**EXERCISE INSTRUCTIONS**
In this exercise, return the whole listing exactly, excluding any images.

=== INPUT RECORDS ===

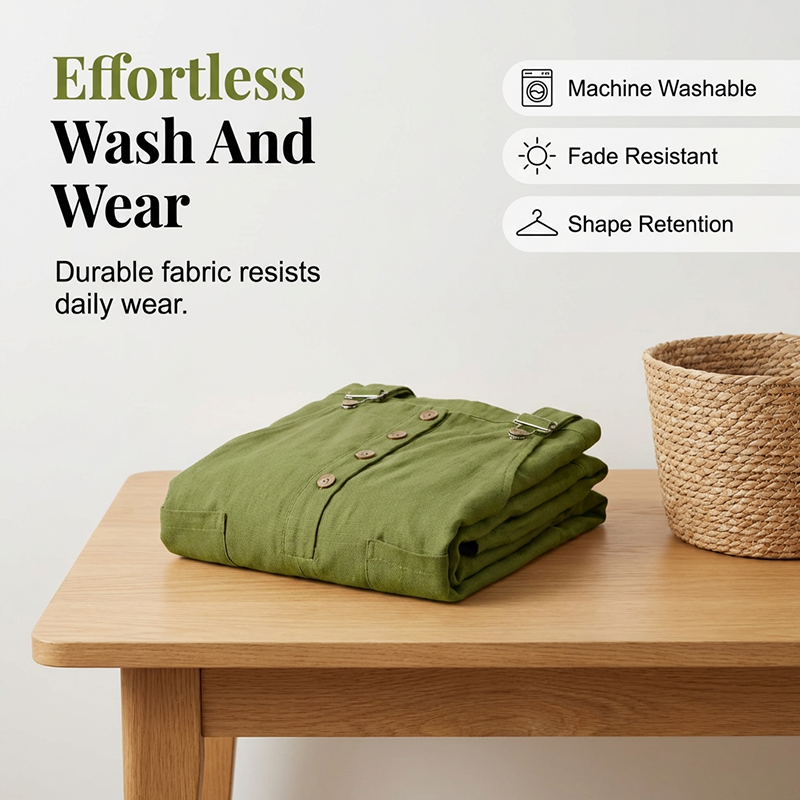 👖JETZT 50 % RABATT! 🌿 Lässige Damen-Latzhose mit Knopfleiste – Verstellbare Träger, atmungsaktives Material & bequeme Passform ✨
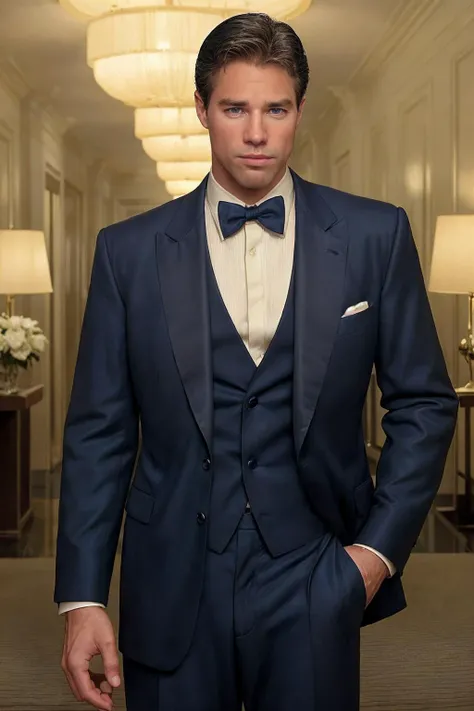 professional photo of mike_branson <lora:mike_branson-08:0.75> wearing a timeless well-tailored navy blue suit, standing in an elegant hotel lobby, soft diffused lighting, flattering classic look, even gentle illumination, confident sophisticated mood, (nostaligia:0.5), self-assured expression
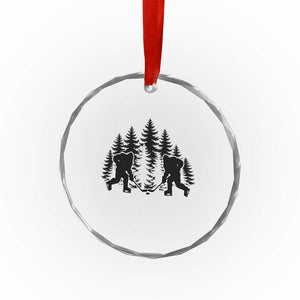 Funny Bigfoot Playing Ice Hockey Crystal Glass Ornament Cryptid Lover Gift TS12 Print Your Wear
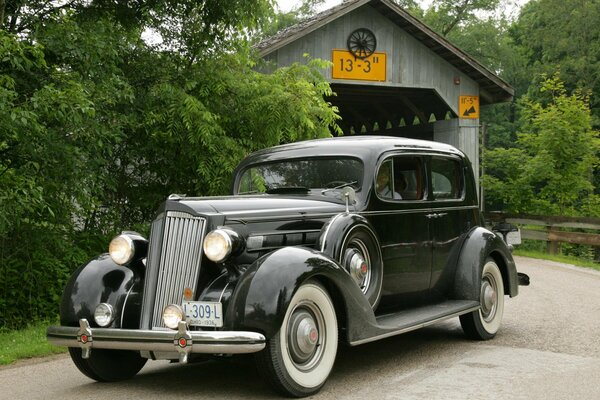 Retro-Auto auf einer Brücke unter grünen Bäumen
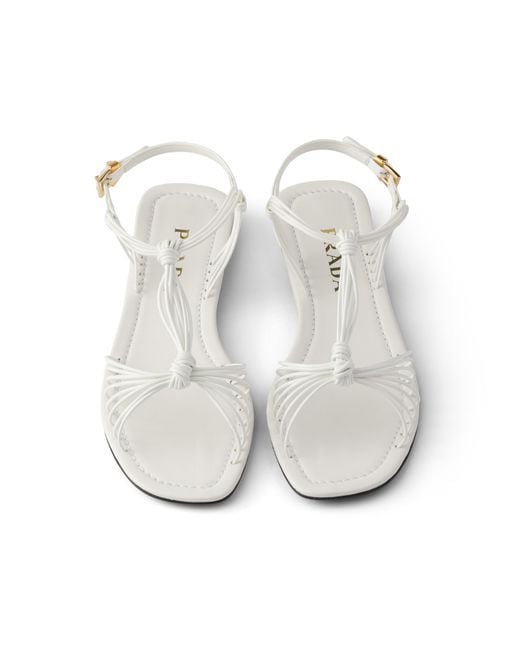 Prada White Patent Leather Sandals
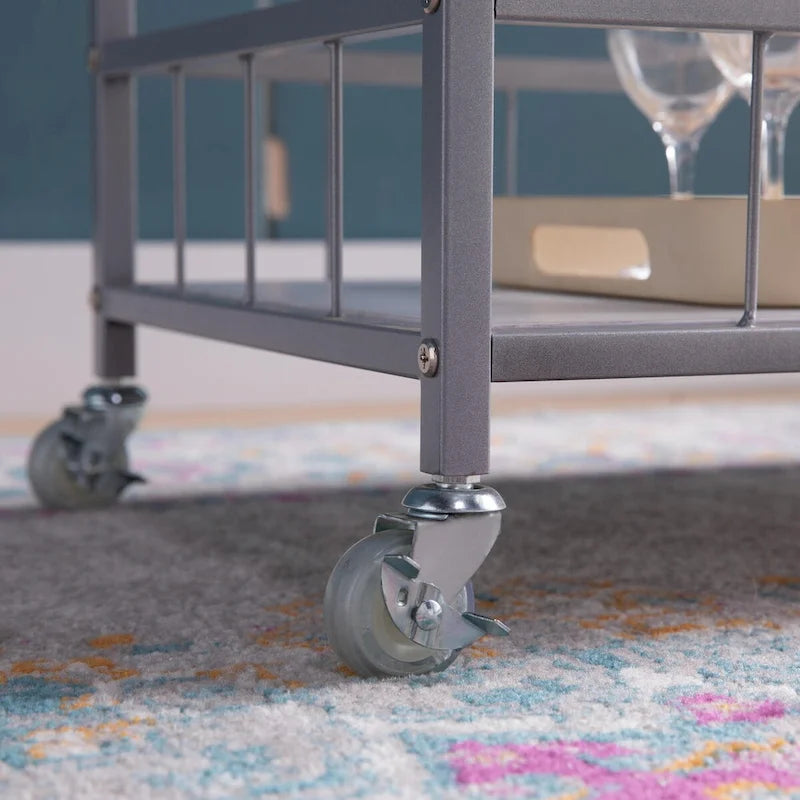 Rolling Kitchen Cart with Three Tier Storage and Four Wine Bottle Rack
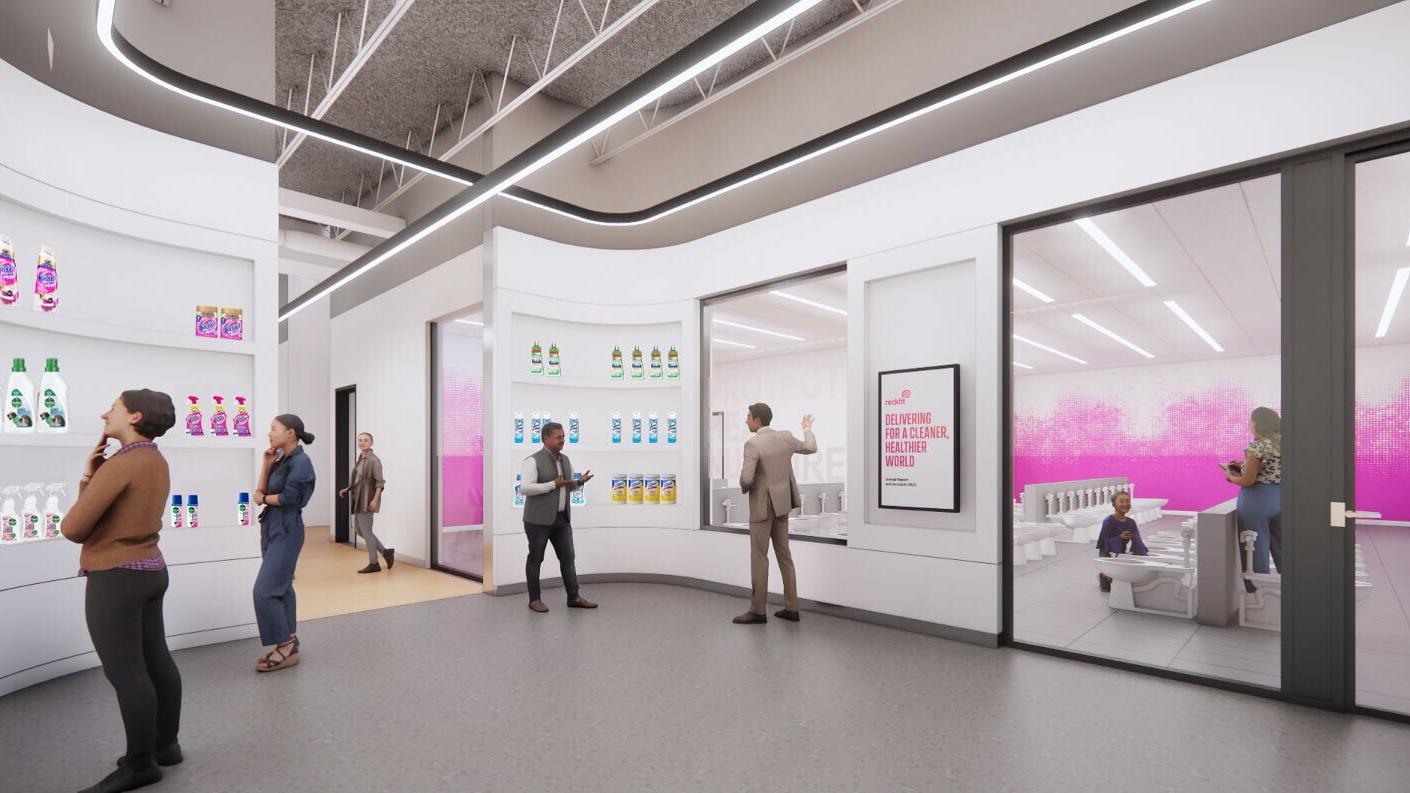 Rendering of Reckitt's New Jersey Research &amp; Development Lab Exhibit Alcove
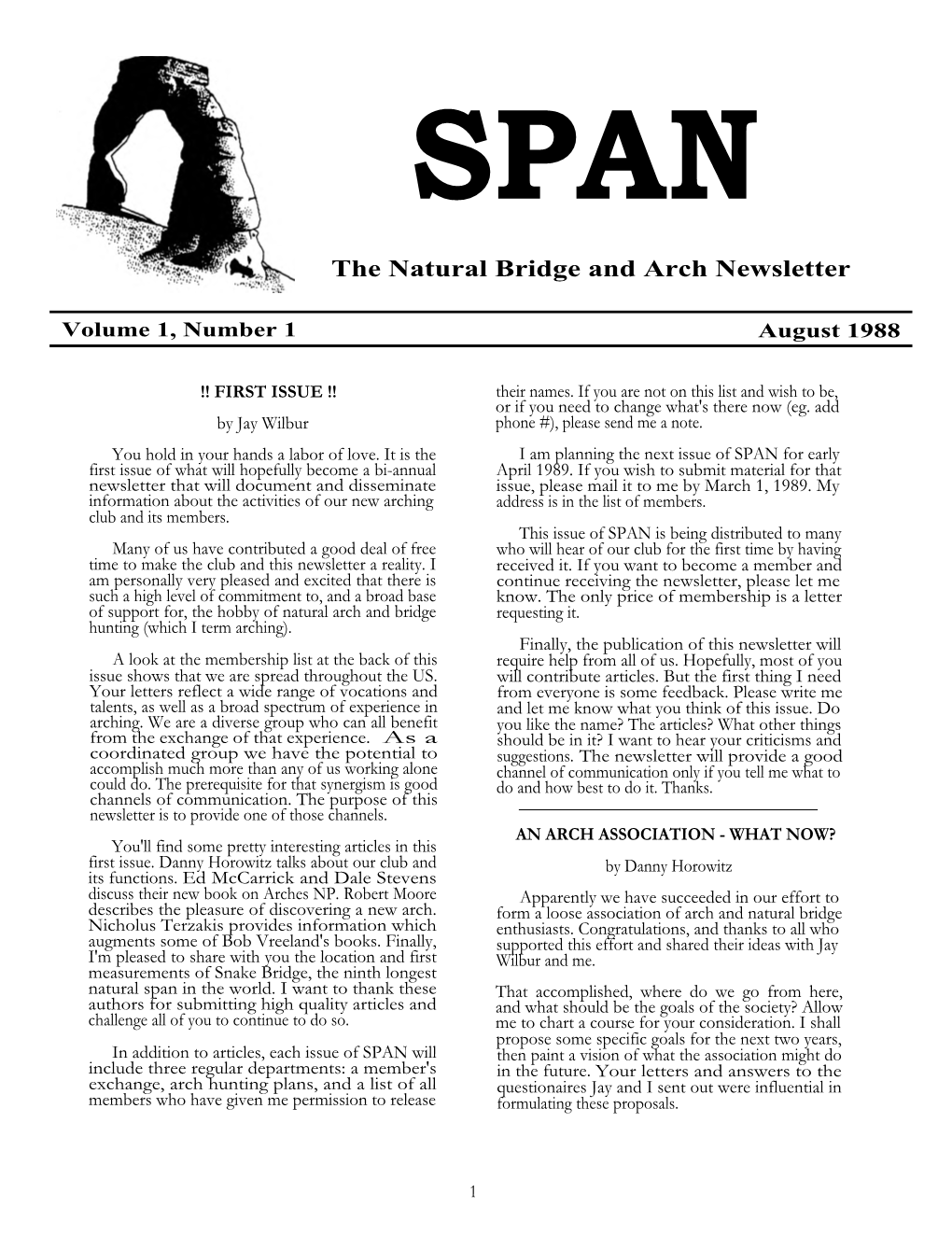 SPAN Volume 1 Number 1, August 1988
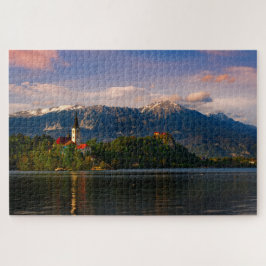 Quebra-cabeça Lago Bled no Sunset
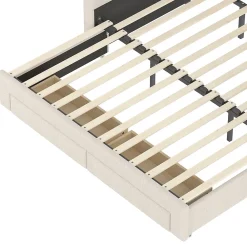 Lit Gigogne 90x190 cm - Lit Simple avec 2 Tiroirs et Étagères - LED et Ports USB Intégrés - Multifonction en Velours Beige><noscript><img width=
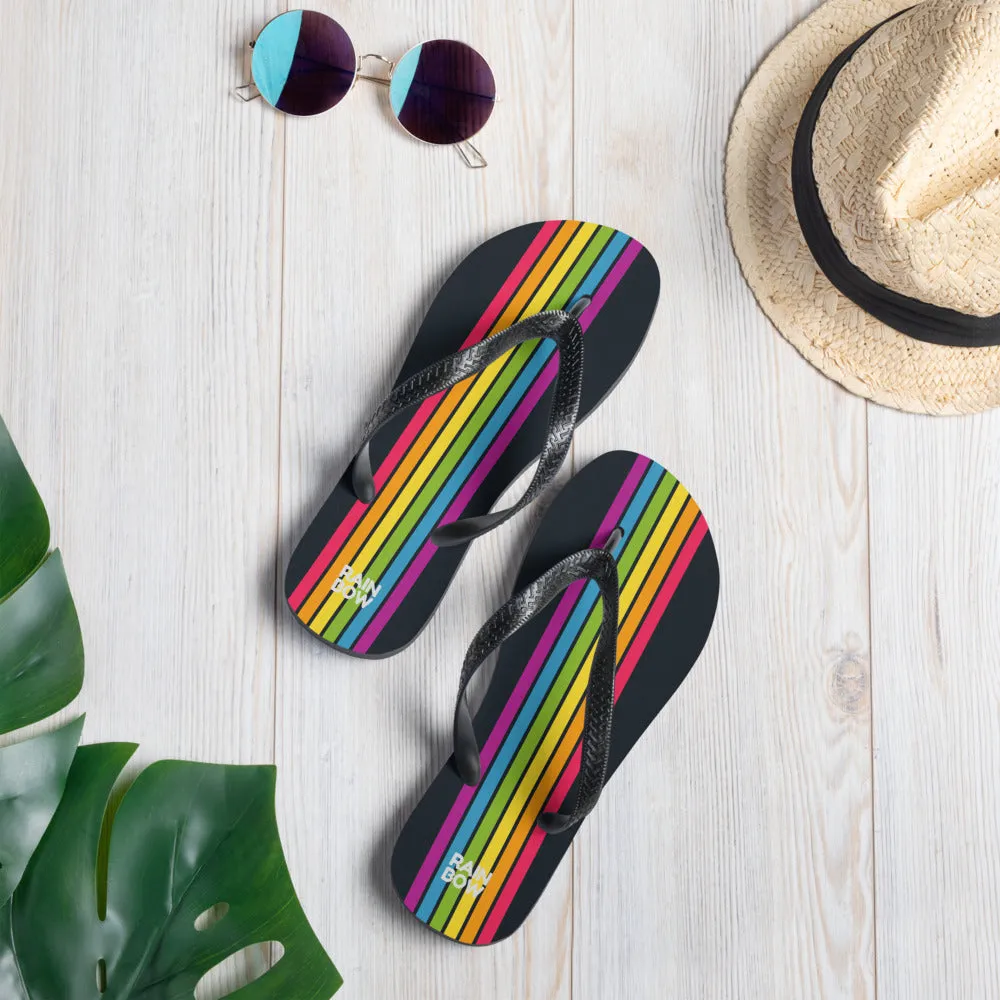 Rainbow Stripe Flip-Flops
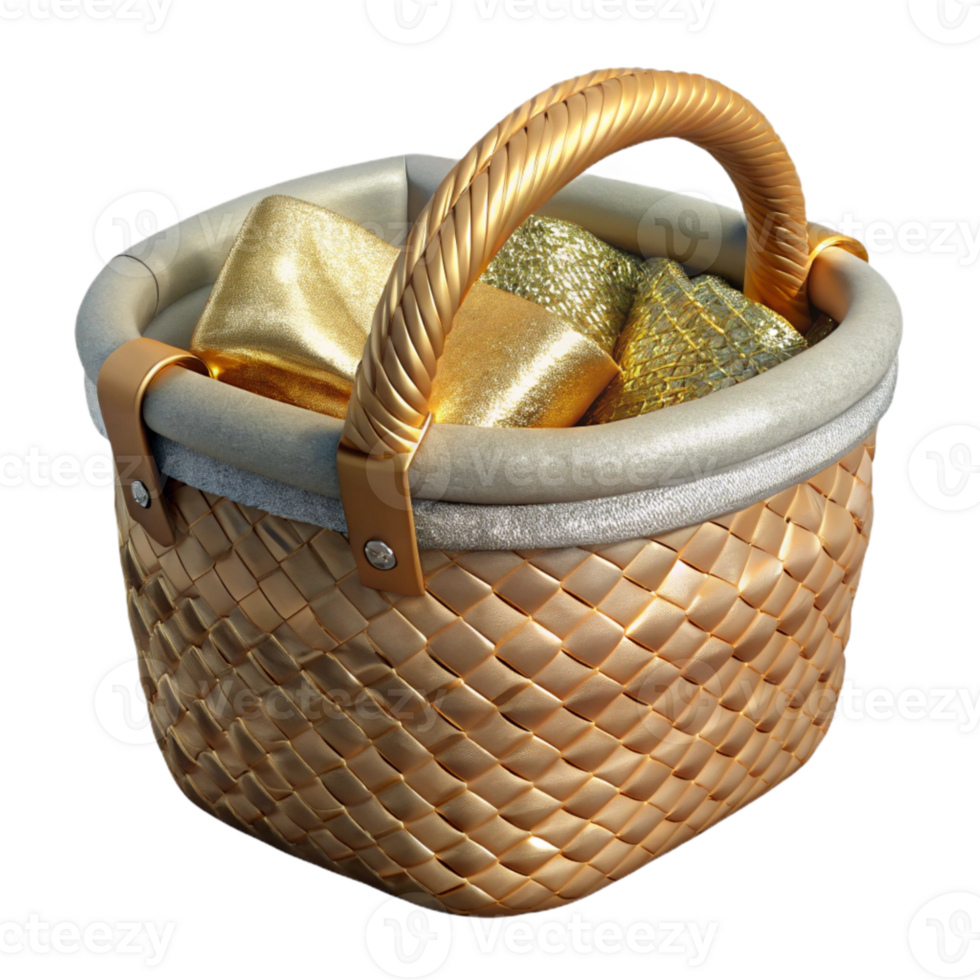 magnificent classic Wicker Storage Basket Isolated Home Organization Decor high quality png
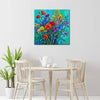 living room wall art canvas painting depicts a gorgeous and colorful bouquet of flowers.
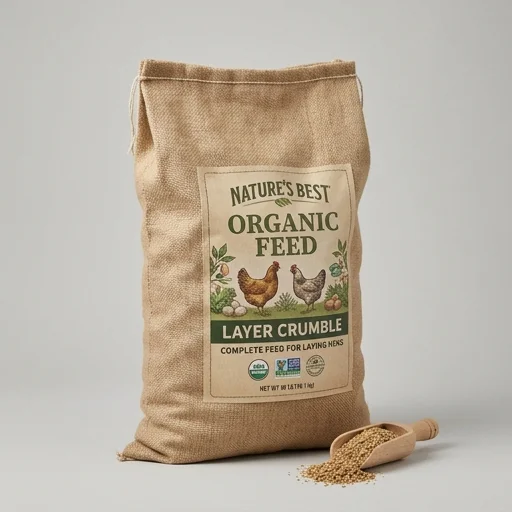 Nature's Best Organic Feed Layer Crumble – in use
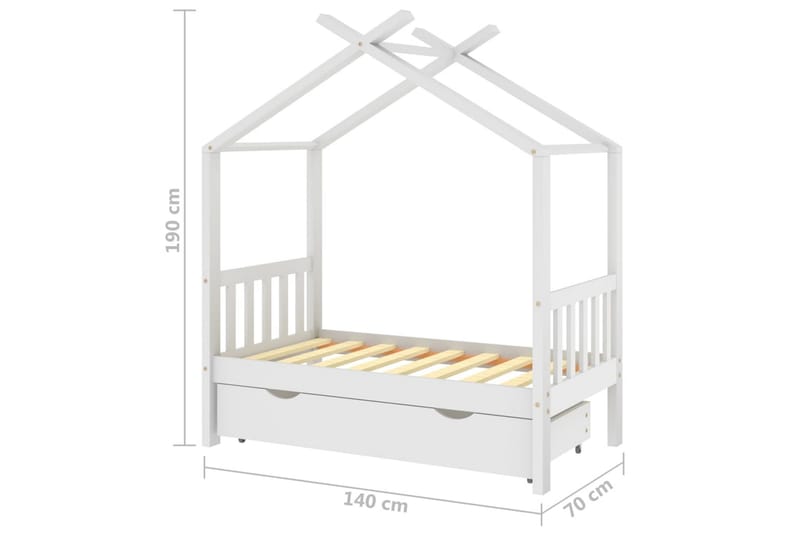 sengestel til børneseng 70x140 cm med skuffe fyrretræ hvid - Hvid - Møbler - Børnemøbler - Børneseng & juniorseng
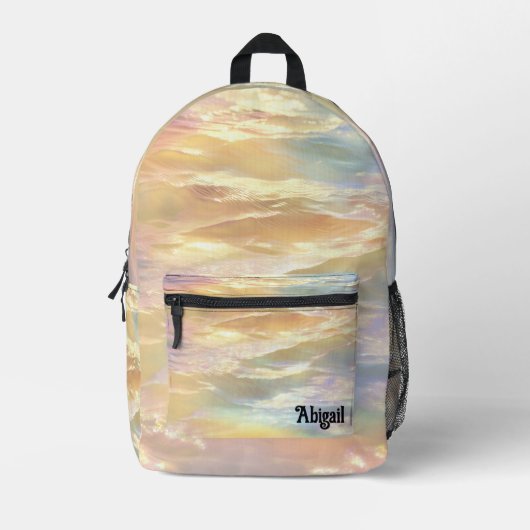 Trendy Opal Iridescent Holographic School Backpack Bedruckter Rucksack (Vorderseite)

===

**SOLUTION TO THIS EXERCISE**
 👖JETZT 50 % RABATT! 🌿 Lässige Damen-Latzhose mit Knopfleiste – Verstellbare Träger, atmungsaktives Material & bequeme Passform ✨
 professional photo of mike_branson <lora:mike_branson-08:0.75> wearing a timeless well-tailored navy blue suit, standing in an elegant hotel lobby, soft diffused lighting, flattering classic look, even gentle illumination, confident sophisticated mood, (nostaligia:0.5), self-assured expression
 Funny Bigfoot Playing Ice Hockey Crystal Glass Ornament Cryptid Lover Gift TS12 Print Your Wear
 Retro-Auto auf einer Brücke unter grünen Bäumen
 Prada White Patent Leather Sandals
 Rolling Kitchen Cart with Three Tier Storage and Four Wine Bottle Rack
 Rendering of Reckitt's New Jersey Research &amp; Development Lab Exhibit Alcove
 SPAN Volume 1 Number 1, August 1988
 Quebra-cabeça Lago Bled no Sunset
 Lit Gigogne 90x190 cm - Lit Simple avec 2 Tiroirs et Étagères - LED et Ports USB Intégrés - Multifonction en Velours Beige><noscript><img width=
 Rainbow Stripe Flip-Flops
 magnificent classic Wicker Storage Basket Isolated Home Organization Decor high quality png
 living room wall art canvas painting depicts a gorgeous and colorful bouquet of flowers.
 Nature's Best Organic Feed Layer Crumble – in use
 sengestel til børneseng 70x140 cm med skuffe fyrretræ hvid - Hvid - Møbler - Børnemøbler - Børneseng & juniorseng
 Trendy Opal Iridescent Holographic School Backpack Bedruckter Rucksack (Vorderseite)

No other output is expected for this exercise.